Altered frequency of FOXP3 + regulatory T cells is associated with development of inhibitors in patients with severe hemophilia A
Nargess Arandi, Omid Reza Zekavat, Negin Shokrgozar, Amin Shahsavani, Hossein Golmoghaddam, Mehdi Kalani - Biochemistry (medical)
- Clinical Biochemistry
- Hematology
- General Medicine
Abstract
Introduction
The development of anti‐factor VIII (FVIII) antibodies or “inhibitors” is a major complication following FVIII replacement therapy in patients with severe hemophilia A (HA), rendering the treatment inefficient.
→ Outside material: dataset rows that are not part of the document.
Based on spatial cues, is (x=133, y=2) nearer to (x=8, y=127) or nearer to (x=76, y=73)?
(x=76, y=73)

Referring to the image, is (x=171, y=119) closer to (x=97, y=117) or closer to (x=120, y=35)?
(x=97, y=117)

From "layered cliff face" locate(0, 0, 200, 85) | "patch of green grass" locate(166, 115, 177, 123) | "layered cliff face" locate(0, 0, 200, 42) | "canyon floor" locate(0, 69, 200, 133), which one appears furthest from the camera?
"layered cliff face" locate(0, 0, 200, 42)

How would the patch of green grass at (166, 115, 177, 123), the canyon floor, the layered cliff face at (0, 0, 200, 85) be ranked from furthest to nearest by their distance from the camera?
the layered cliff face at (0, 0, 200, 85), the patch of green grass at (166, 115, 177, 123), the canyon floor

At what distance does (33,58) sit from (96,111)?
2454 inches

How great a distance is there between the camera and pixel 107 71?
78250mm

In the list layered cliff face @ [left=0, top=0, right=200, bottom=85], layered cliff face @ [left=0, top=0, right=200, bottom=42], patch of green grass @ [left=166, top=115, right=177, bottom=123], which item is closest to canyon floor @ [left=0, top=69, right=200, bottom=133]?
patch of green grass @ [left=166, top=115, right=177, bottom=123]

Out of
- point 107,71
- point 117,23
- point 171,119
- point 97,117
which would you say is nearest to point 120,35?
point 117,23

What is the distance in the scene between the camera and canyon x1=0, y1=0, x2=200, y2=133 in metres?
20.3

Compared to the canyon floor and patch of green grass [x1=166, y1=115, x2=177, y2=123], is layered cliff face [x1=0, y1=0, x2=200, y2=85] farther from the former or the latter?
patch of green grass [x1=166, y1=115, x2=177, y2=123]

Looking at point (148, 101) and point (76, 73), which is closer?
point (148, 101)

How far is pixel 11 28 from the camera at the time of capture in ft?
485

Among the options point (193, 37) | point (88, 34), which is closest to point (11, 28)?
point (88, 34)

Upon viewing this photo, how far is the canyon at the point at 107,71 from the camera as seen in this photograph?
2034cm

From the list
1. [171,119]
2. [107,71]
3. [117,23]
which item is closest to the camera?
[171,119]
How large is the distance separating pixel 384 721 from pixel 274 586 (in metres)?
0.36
Data on the role of regulatory T cells (Tregs) in inhibitor formation in these patients are rare. Herein, we aimed to investigate whether a difference in the FOXP3+ Tregs is linked to the formation of the inhibitors in severe HA patients.
Methods
In this cross‐sectional study, 32 patients with severe HA (8 patients with inhibitors and 24 without inhibitors) and 24 healthy controls were enrolled. The frequency of FOXP3+ Tregs was determined using multicolor flow cytometry method.
Results
Our results showed that the median level of CD4+CD25+FOXP3+ Tregs did not significantly differ between HA patients and healthy controls and between HA patients with and without inhibitors (P > 0.05). However, patients with inhibitors had significantly lower amounts of CD4+CD25−FOXP3+ Tregs compared to those without inhibitors as well as healthy controls (*P = 0.012 and *P = 0.004, respectively). The frequency of CD4+CD25+ T cells was significantly higher in HA patients who developed inhibitors compared to the inhibitor‐negative ones whereas they were lower in inhibitor‐negative patients compared to the healthy controls (*P = 0.013 and *P = *0.029, respectively). The percentages of CD4+CD25+ T cells were positively correlated with the levels of inhibitors in HA patients (r = 0.45, *P = 0.021).
Conclusion
Our data demonstrated for the first time that the CD4+CD25−FOXP3+ Tregs might be implicated in the prevention of inhibitor formation in severe HA patients.